Maryland car accident claims are suprisingly complex to handle in part due to regressive laws that still prevail in Maryland and also because there are potentially numerous insurance claim avenues to pursue. This article is not intended to be comprehensive but discusses various scenarios to be considered when injured in a Maryland car crash.
First, if you are injured in a collision while in the course of your employment, you likely have a workers compensation claim. Comp claims provide many useful benefits with a relatively quick turn around time. These include lost income or so-called temporary total or partial disability benefits, payment for medical and prescription services, vocational rehabilitation services and permanent disability.
One of the enormous advantages of workers comp over claims against at-fault insurance companies, is that the benefits are virtually immediate. There is no waiting for a settlement, which usually contemplates completing all medical treatment and assembling all the medical records and bills and negotiating with adjusters.
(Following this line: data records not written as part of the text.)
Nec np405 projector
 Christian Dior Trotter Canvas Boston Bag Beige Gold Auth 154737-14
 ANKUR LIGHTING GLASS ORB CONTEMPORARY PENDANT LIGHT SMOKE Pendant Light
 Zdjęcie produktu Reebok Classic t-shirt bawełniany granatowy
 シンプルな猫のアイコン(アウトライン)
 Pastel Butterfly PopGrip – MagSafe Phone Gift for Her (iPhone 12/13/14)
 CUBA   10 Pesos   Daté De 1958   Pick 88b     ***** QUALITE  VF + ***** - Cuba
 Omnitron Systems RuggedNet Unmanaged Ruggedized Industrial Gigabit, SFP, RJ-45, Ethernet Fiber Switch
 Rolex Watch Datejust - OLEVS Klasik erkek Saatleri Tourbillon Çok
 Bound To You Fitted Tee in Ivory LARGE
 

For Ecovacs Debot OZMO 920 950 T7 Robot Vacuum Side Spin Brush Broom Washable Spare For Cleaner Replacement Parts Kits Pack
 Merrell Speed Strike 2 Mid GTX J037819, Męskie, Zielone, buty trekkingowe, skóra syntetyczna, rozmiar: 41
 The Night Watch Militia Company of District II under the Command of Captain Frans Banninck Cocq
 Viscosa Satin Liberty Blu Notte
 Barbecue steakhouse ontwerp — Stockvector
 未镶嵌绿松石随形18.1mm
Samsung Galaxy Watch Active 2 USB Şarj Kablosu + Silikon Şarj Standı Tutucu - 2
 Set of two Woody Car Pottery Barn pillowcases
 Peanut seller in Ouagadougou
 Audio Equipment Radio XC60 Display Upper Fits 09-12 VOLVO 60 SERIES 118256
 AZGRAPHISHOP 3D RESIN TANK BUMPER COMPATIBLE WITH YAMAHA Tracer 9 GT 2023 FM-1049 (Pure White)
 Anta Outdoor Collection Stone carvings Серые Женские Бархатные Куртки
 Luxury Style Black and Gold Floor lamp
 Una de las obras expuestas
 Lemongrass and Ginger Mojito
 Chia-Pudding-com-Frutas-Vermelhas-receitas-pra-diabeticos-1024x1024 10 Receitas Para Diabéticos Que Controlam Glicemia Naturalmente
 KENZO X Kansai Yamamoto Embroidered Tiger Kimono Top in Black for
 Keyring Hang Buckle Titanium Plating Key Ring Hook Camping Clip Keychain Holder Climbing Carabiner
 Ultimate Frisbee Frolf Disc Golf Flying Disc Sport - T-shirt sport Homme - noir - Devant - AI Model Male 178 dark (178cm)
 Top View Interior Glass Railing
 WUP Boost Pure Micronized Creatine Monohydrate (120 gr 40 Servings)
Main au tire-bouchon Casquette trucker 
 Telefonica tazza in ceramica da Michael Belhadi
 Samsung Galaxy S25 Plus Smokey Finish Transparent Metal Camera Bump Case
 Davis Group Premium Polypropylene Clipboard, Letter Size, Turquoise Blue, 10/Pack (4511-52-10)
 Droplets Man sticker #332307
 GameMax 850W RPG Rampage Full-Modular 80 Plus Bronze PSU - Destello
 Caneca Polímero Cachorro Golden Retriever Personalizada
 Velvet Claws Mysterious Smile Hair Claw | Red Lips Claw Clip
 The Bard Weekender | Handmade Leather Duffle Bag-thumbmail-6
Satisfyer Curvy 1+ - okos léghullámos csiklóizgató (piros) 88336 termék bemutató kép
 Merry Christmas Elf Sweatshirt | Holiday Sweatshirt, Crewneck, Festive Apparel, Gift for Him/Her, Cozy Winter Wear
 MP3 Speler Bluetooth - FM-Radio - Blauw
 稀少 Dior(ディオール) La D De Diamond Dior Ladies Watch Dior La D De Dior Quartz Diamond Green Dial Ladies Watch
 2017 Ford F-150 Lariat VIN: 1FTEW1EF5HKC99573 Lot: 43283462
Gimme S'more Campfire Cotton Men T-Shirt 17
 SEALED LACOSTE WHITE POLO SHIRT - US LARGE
Once a comp claim form is filed with the Maryland Workers Compensation Commission the comp insurer has 30 days to contest the claim or start paying benefits. It is hard to overstate the benefit of this particularly for badly injured people. It also means that medical care is paid for and that too is huge.
The payments are 2/3s of one's average weekly wage with a year to year top weekly limit. The permanent disablity is somewhat misnamed as it is almost always not permanent but is nonetheless helpful. So if you have a legitimate basis for making a Maryland workers comp claim as a result of car or truck accident do so.
If workers comp is unavailable the more traditional claims avenues are claims against the at-fault driver's insurance company, against the at-fault driver's employer if they were working when the accident occurred and against your own auto insurance.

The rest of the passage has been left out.